La procédure de nomination pour la présidence de la Creg irrite les députés fédéraux

Le passage de témoin entre Tinne Van der Straeten (à gauche) et Marie Christine Marghem (à droite) ne se déroule pas de façon optimale dans tous les dossiers. ©BELGA

Parmi l'éventail de sujets balayés lors d'une large commission Énergie à la Chambre, la présidence du régulateur du secteur, la Creg, a animé les débats. En cause, un passage de témoin compliqué entre la ministre de l'Énergie actuelle et la précédente.

Ce mardi matin, une commission Énergie, environnement et climat s'est tenue entre les murs de la Chambre – et à distance pour certains – avec pour objectif d'interroger la ministre fédérale de l'Énergie, Tinne Van der Straeten (Groen), sur des sujets d'actualité. Au programme, donc, les interconnexions futures avec les réseaux électriques voisins, le développement de l'éolien offshore ou encore l'éradication des contrats énergétiques dormants.

Mais en parallèle des échanges, la présence remarquée de Marie Christine Marghem (MR), précédente ministre de l'Énergie, a suscité quelques discussions mouvementées, notamment au sujet du dossier de la nomination d'un successeur à Marie-Pierre Fauconnier à la présidence de la Creg, le régulateur du secteur énergétique.

Transfert de dossiers

La ministre compte-t-elle, oui ou non, reprendre la procédure de nomination à zéro alors que trois candidats avaient été retenus par sa prédécesseure?

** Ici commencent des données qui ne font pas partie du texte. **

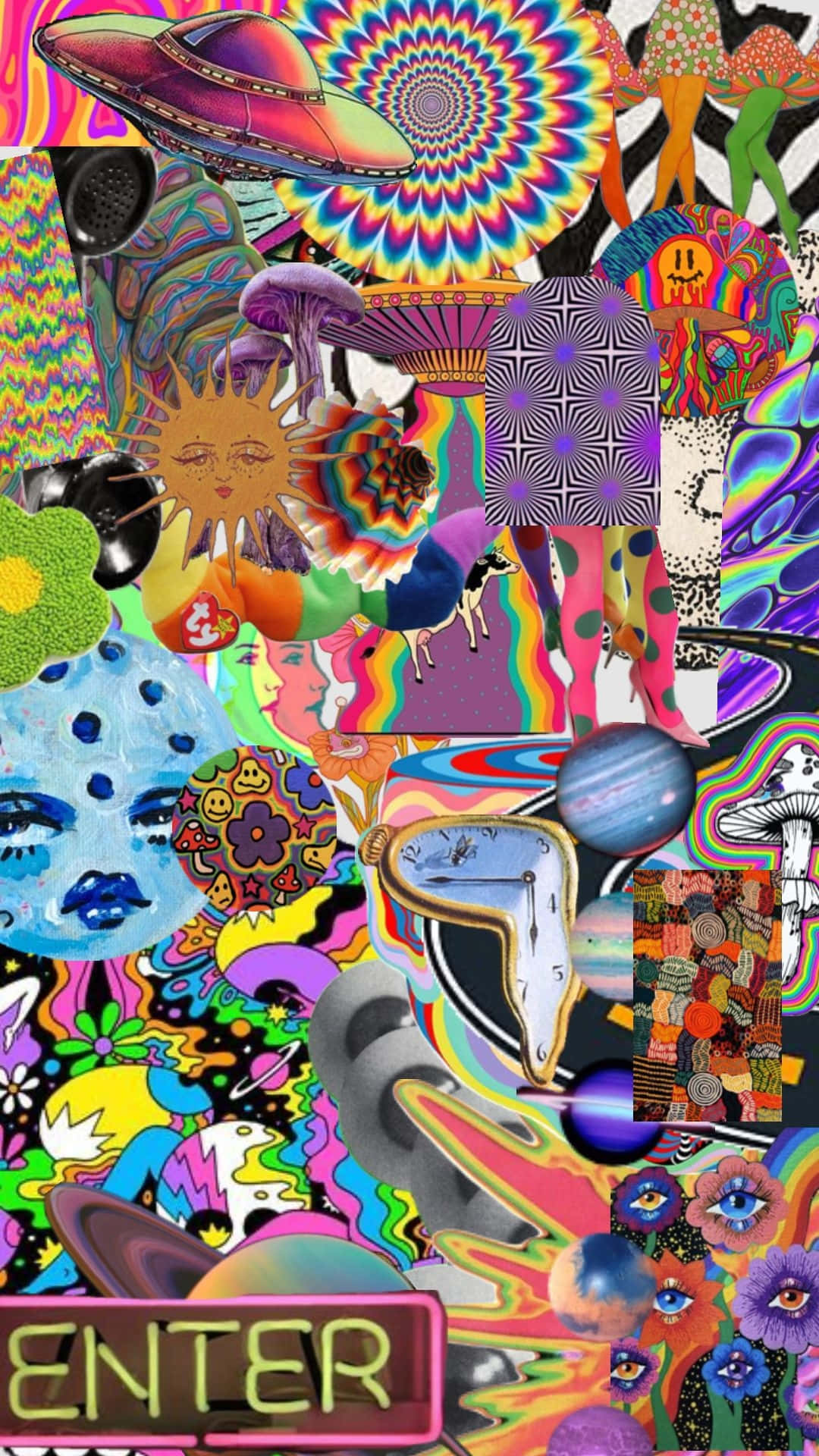 Weirdcore, psychedelic collage, swirling patterns, Full HD Phone Wallpaper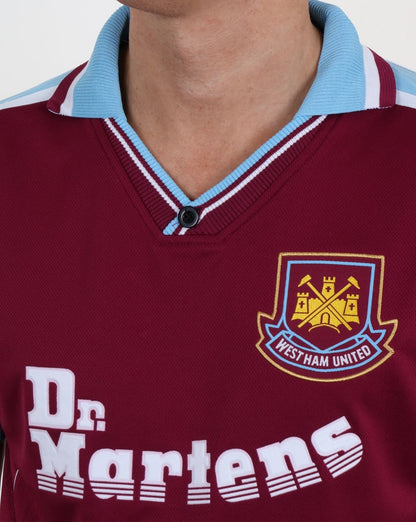 80er Casual Classics West Ham 2000 Retro-Fußballtrikot, Weinrot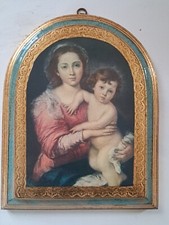 Tête De Lit Madonna Murillo Sur Table Découpée Avec Cadre Doré 30X24CM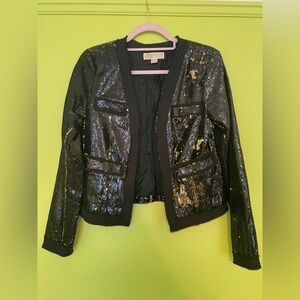 Michael Kors Black Opalescence  Blazer with Sequined Finish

En effet, en plus d'avoir préparé une batterie de questions sur différents sujets, l'ancienne ministre a été à nouveau contrainte de s'exprimer quant au dossier épineux de la présidence de la Creg. Ici, une question teintée d'impatience du député N-VA Bert Wollants, portant sur l'état des lieux du dossier – celui-ci ayant été jugé incomplet par Tinne Van der Straeten au moment de son entrée en fonctions –, a remis sur le tapis le nœud de la problématique: la ministre compte-t-elle, oui ou non, reprendre la procédure de nomination à zéro alors que trois candidats avaient été retenus par sa prédécesseure, soit l'étape ultime avant une nomination par le Conseil des ministres.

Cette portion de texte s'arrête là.